The walk was demanding, but he arrived at Sulla's house far from exhausted; now definitely on the mend, he was mending rapidly.
"I see you're in a toga," said Sulla, who was sitting behind his desk. He indicated the laena and apex disposed neatly on a nearby couch. "I've saved them for you. Don't you have spares?"
"Not a second apex, anyway. That one was a gift from my wonderful benefactor, Gaius Marius."
"Didn't Merula's fit?"
"I have an enormous head," said Caesar, straight-faced.
Sulla chuckled. "I believe you!" He had sent to Aurelia to ask if Caesar knew of the second part of the prophecy, and having received a negative answer, had decided Caesar wouldn't hear it from him. But he fully intended to discuss Marius. His thinking had swung completely around, thanks to two factors. Th
e first was Aurelia's information about the circumstances behind Caesar's being dowered with the flaminate Dialis, and the second was his one-act play, which he had enjoyed (and the party which had followed) with huge gusto; it had refreshed him so thoroughly that though it was now a month in the past, he still found himself remembering bits and pieces at the most inappropriate moments, and had been able to apply himself to his laws with renewed energy.

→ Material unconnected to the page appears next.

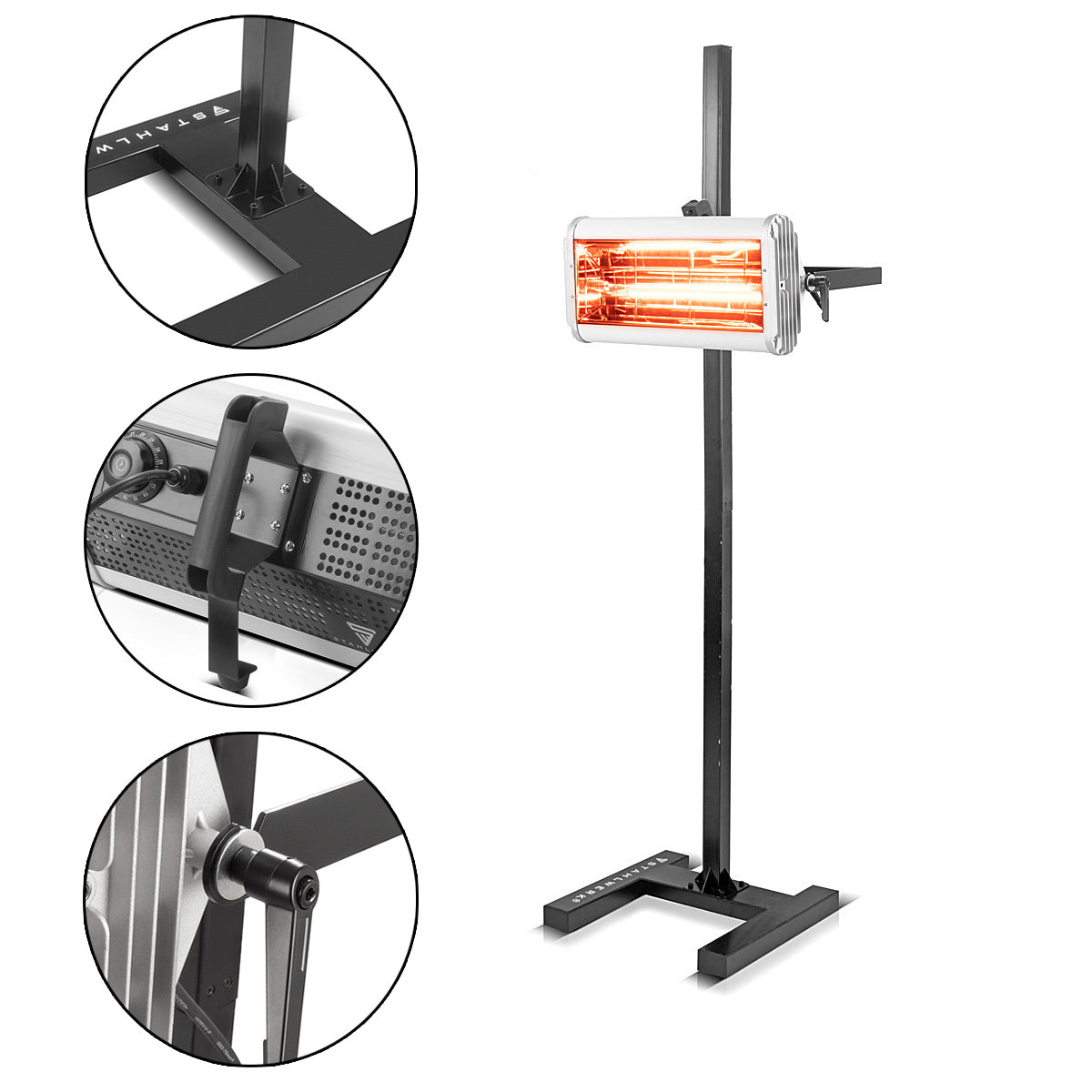 Stahlwerk Infrarot Lack dryer IL-1200 ST with 1,200 watts and tripod, powerful infrared dryer / ir spotlight / ir dryer for professional drying of Autolack, primers and much more.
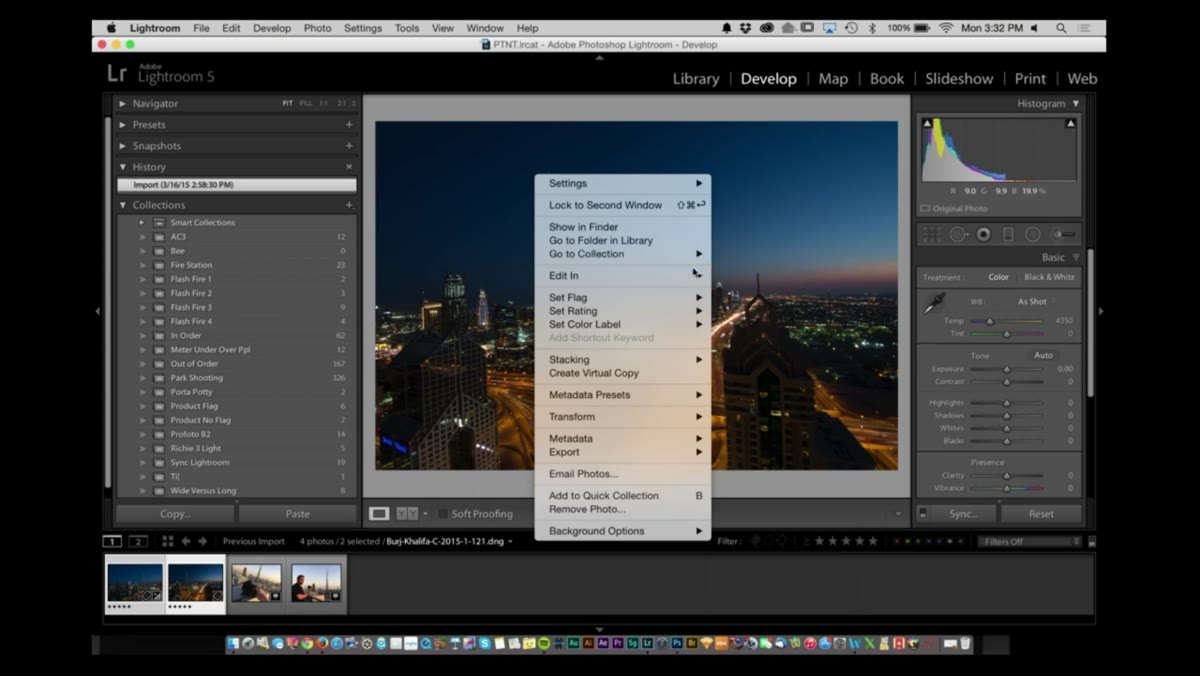 Right-click context menu in Lightroom showing &ldquo;Edit In&rdquo; option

Yes, the moment that magnificent-looking delegation had walked into his atrium so solemnly and theatrically he had been lifted out of himself-out of his dreary appalling shell, out of a life devoid of enjoyment and lightness. For a short space of time reality had utterly vanished and he had immersed himself inside a sparkling and gorgeous pageant. And since that day he had found hope again; he knew it would end. He knew he would be released to do what he longed to do, bury himself and his hideousness in a world of hilarity, glamor, idleness, artificiality, entertainments, grotesques and travesties. He would get through the present grind into a very different and infinitely more desirable future.
"You made a thousand mistakes when you fled, Caesar," said Sulla in a rather friendly way.
"I don't need to be told. I'm well aware of it."
"You're far too pretty to disappear into the furniture, and you have a natural sense of the dramatic," Sulla explained, ticking his points off on his fingers. "The German, the horse, your pretty face, your natural arrogance-need I go on?"